National Writers Forum: The Clocks are Striking Thirteen, by Chris Cleave

Apparently Chris Cleave has been on the road promoting his new book, Everyone Brave is Forgiven, since January. On hearing this, I half expected a bedraggled Cleave to front for the keynote speech of our first National Writers Forum: crumpled notes in hand, world-weary and longingly counting down the days until home. Instead, Cleave presented the most calm, thoughtful, and compelling commentary I’ve heard on the current global socio-economic climate and the resulting challenges writers are facing, not just in their work, but also in their lives.
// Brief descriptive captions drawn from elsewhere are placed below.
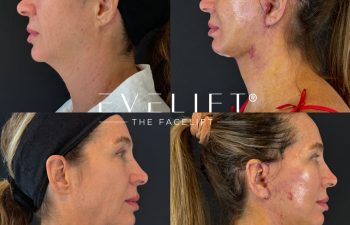 female patient before and after EVELIFT®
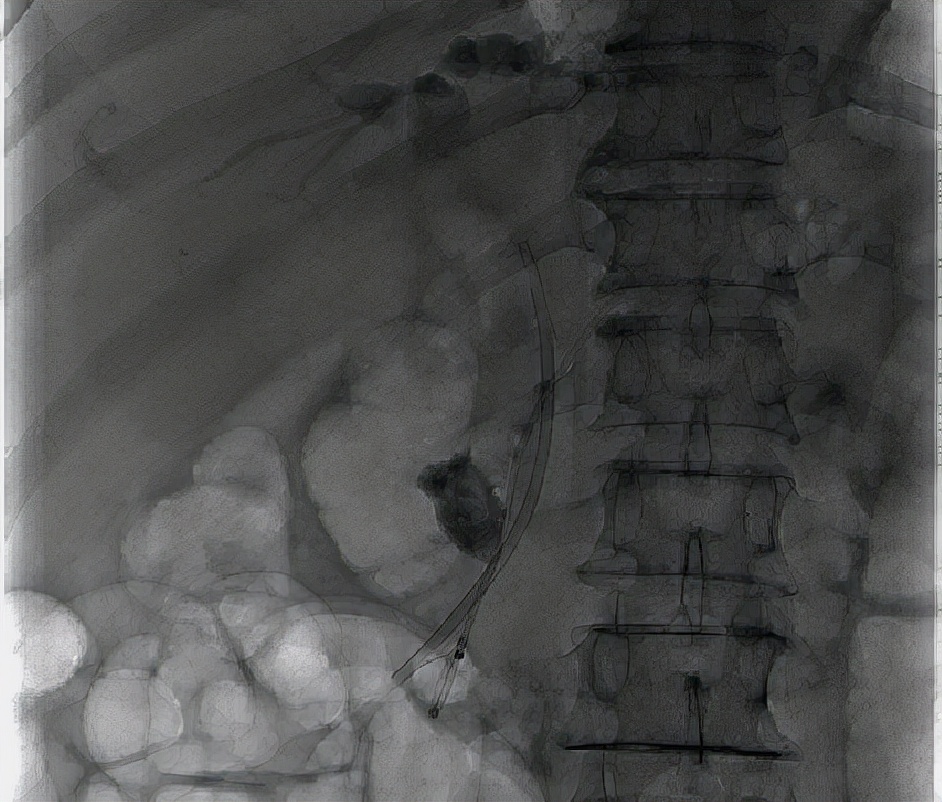 南大二附院消化内科红角洲院区胆胰团队成功完成一例经内镜下胰管巨大结石胰胆管支架联合置入术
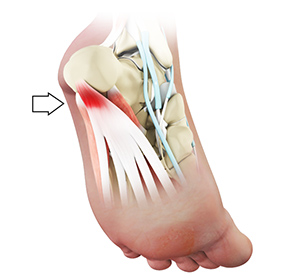 Plantar Fasciitis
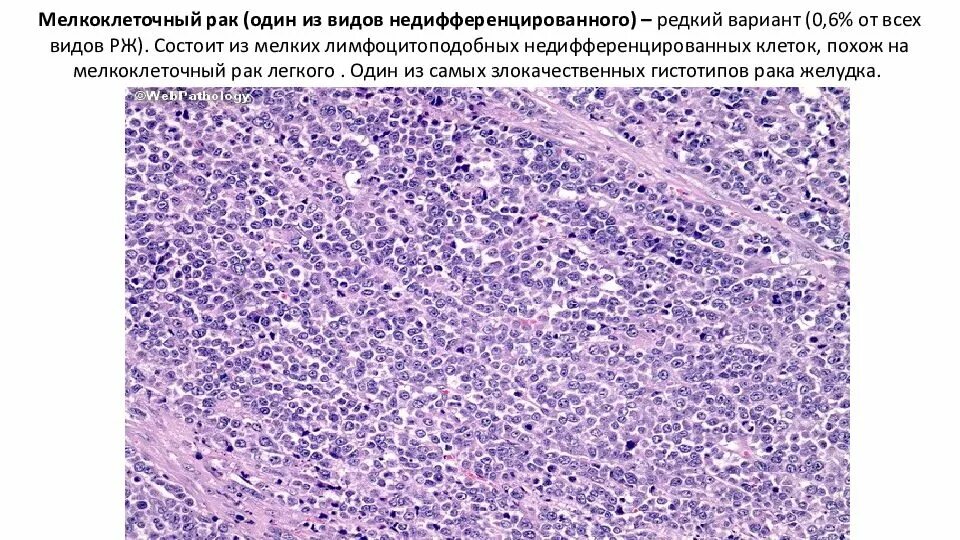 Недифференцированная карцинома. Мелкоклеточная карцинома. Недифференцированные опухоли легких. Мелкоклеточная карцинома легкого гистология. Лечение мелкоклеточного рака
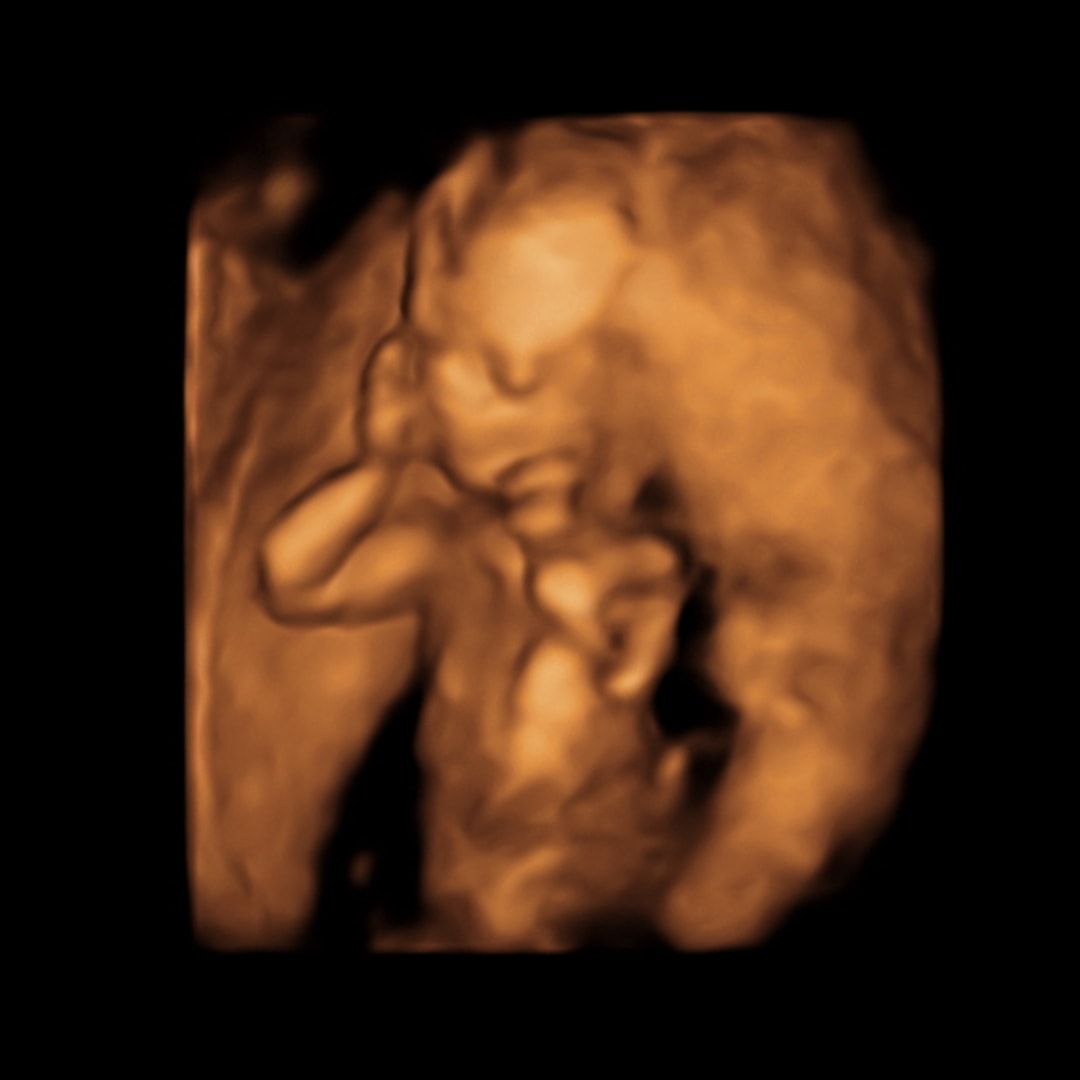 Photo shared by Emily for their Babylist baby registry.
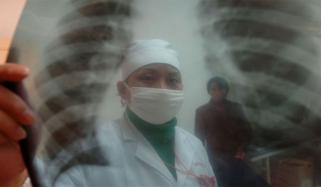 کوویڈ 19 کے مریضوں سے متعلق حیران کن تحقیق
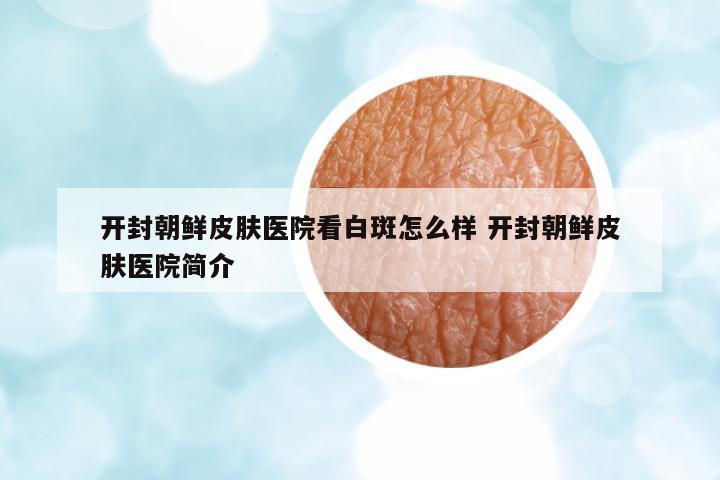 開(kāi)封朝鮮皮膚醫(yī)院看白斑怎么樣 開(kāi)封朝鮮皮膚醫(yī)院簡(jiǎn)介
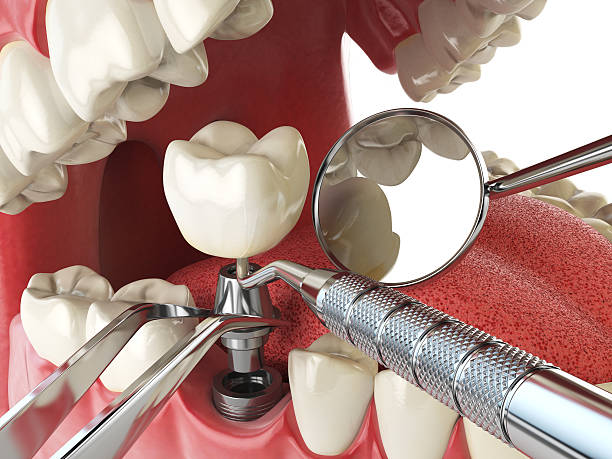 Best Emergency Denture Repair in Parrish, AL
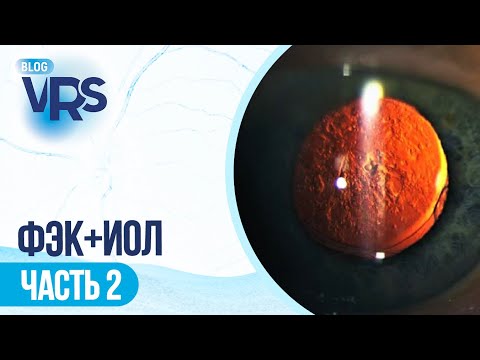 Видео: Хирургия катаракты / Задний капсулорексис vs лазерная дисцизия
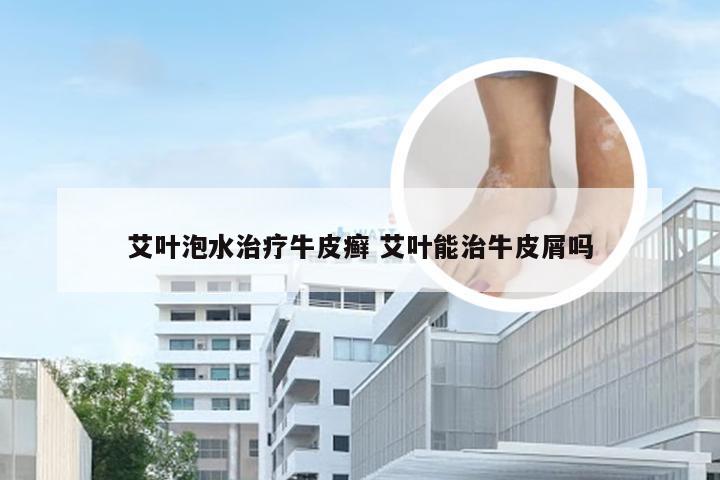 艾叶泡水治疗牛皮癣 艾叶能治牛皮屑吗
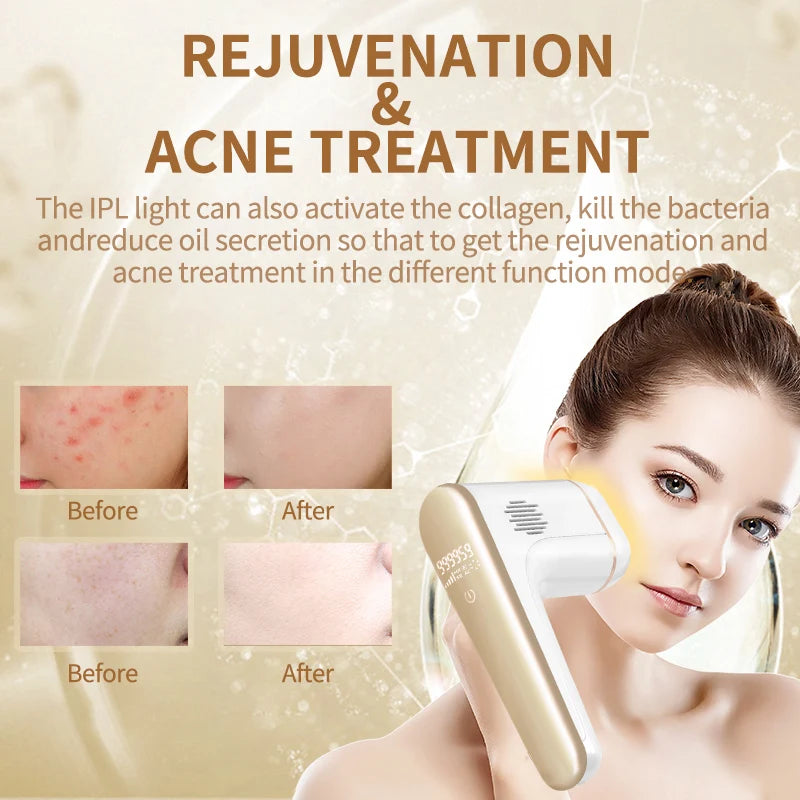 Newest Laser Epilator 3 in 1 IPL Hair Removal for Women Men Razor Acne Treatment Home Bikini Trimmer DropShipping Photoepilator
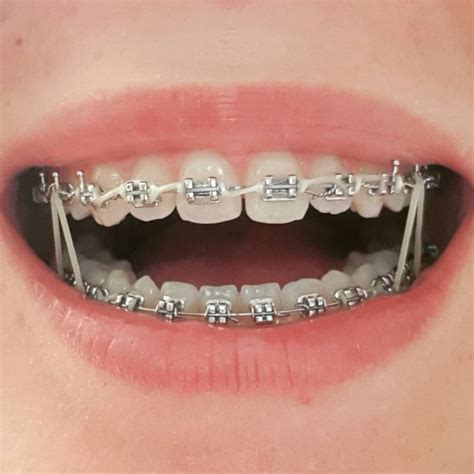 ปักพินโดย Shrood Burgos ใน Braces สีจัดฟัน จัดฟัน ฟัน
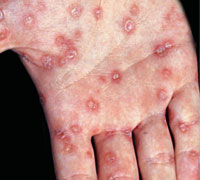 Syphilisgeschw�re an einer Hand�
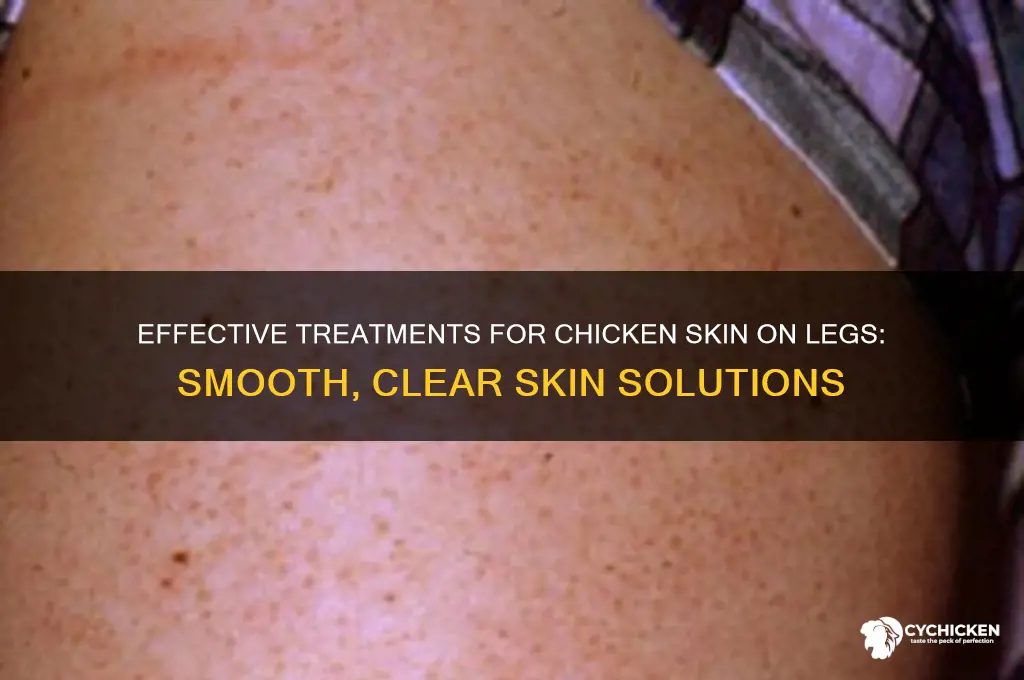 how to treat chicken skin on legs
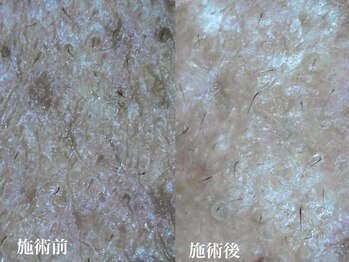 キーオブフェイス(Key of Face)/お悩み【毛穴が匂う・ベタつく】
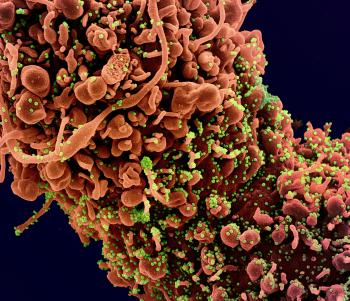 Human cells infected with SARS-CoV-2 virus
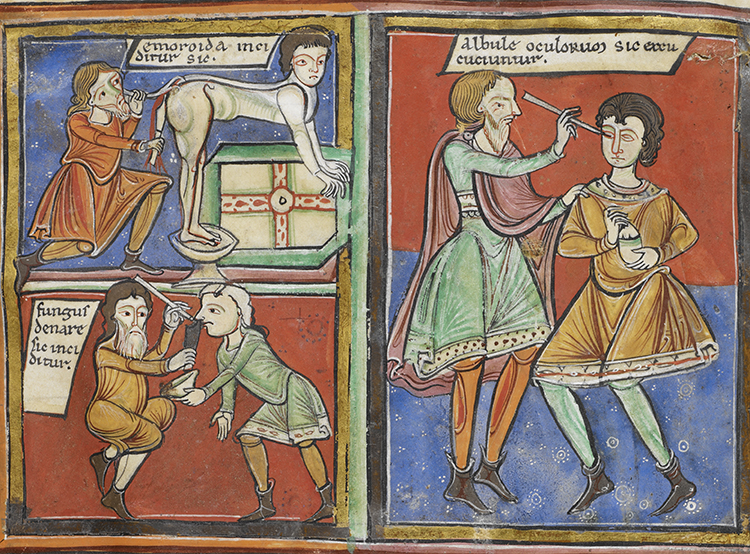 Doctor's orders: illustrations of operations for haemorrhoids, nasal polyps and the eye, England or France, c.1190. © British Library Board/Bridgeman Images.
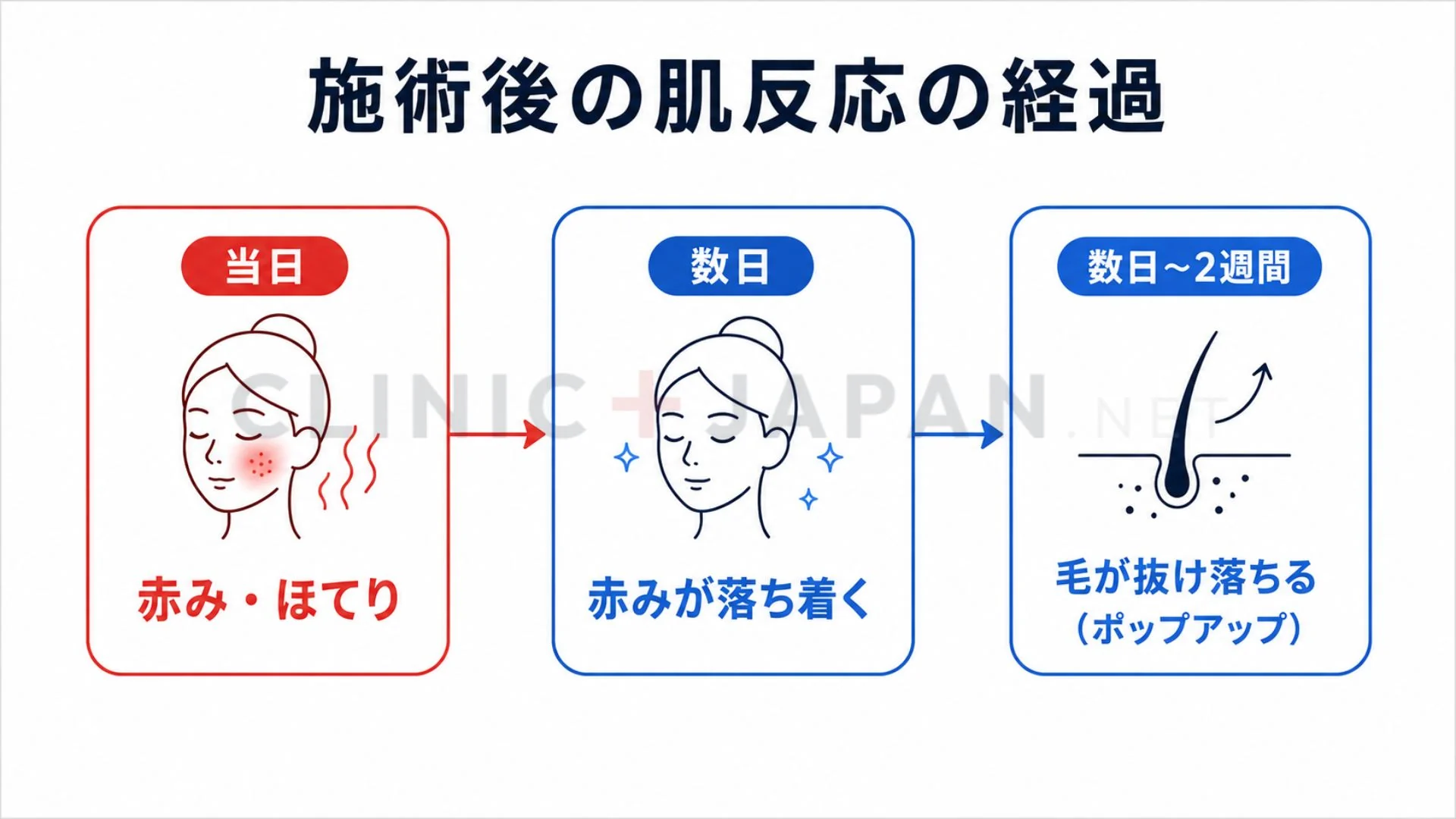 施術直後の赤みから毛の抜け落ちまで、施術後の肌反応の経過を時系列で示した図解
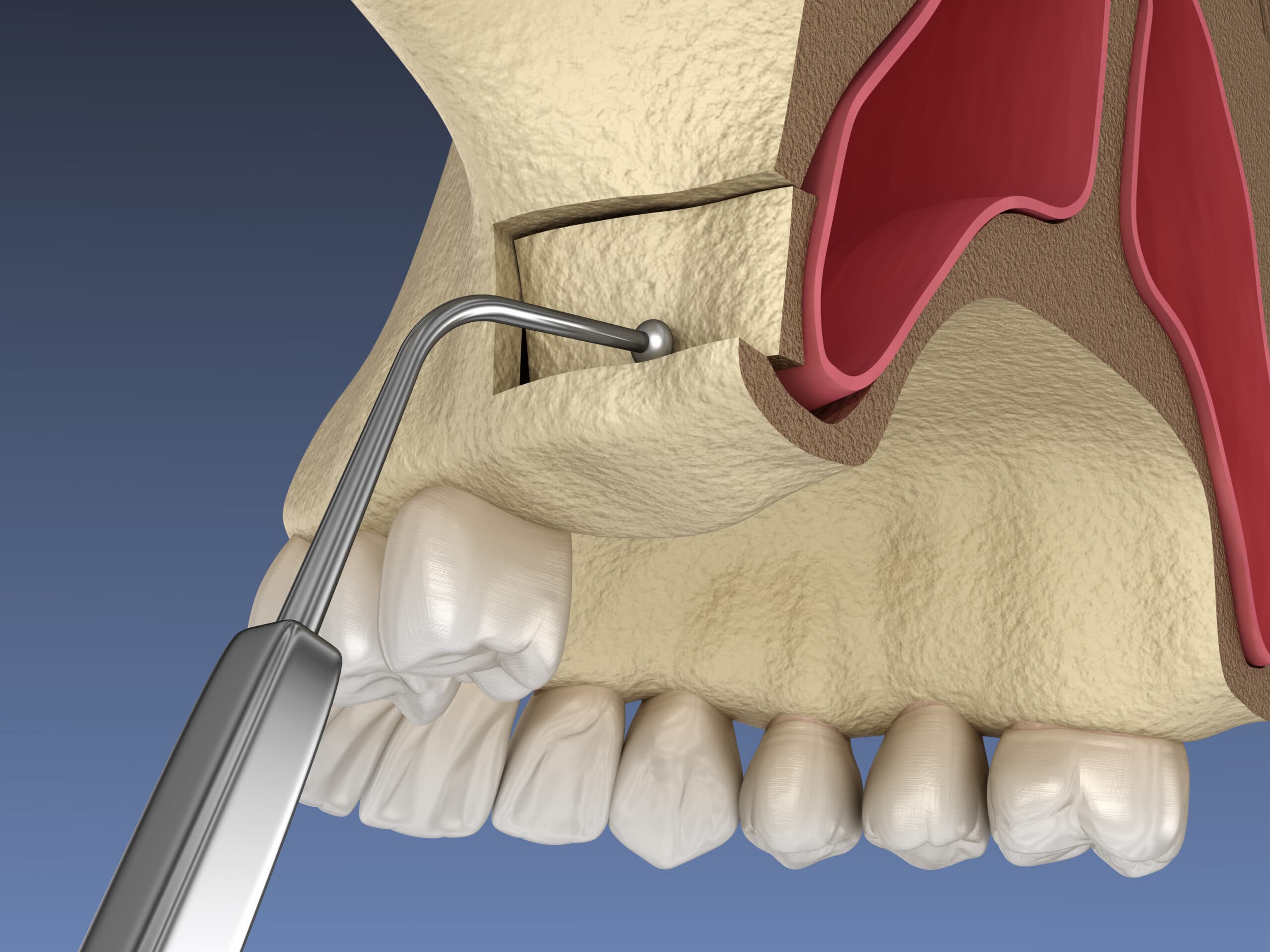 Chirurgiens-dentistes : Nos 5 conseils pour réussir votre Sinus Lift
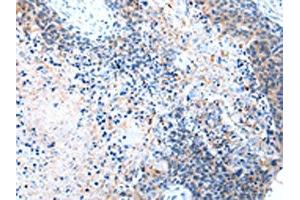 The image on the left is immunohistochemistry of paraffin-embedded Human esophagus cancer tissue using ABIN7190332(COLEC12 Antibody) at dilution 1/40, on the right is treated with synthetic peptide. (COLEC12 antibody)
Cleave had obviously done his research. He started with a discussion of New Zealand literature and his experiences with a country that maintains a cultural focus while still having a healthy curiosity for the outward world. New Zealand, Cleave says, “punches well above its weight in literature”, sometimes much to his chagrin, what with all these New Zealand Man Booker Prize wins. Yet, he assures us, he doesn’t hate us.

But hate is on the rise, and the hard right is resurgent. As Cleave so aptly put it: “People are building walls again, and topping them with barbed wire.” And the problem with this hate? It’s catching – and so much more readily compressible; perfectly adapted to the digital medium. Rage has become the fuelling emotion of our era.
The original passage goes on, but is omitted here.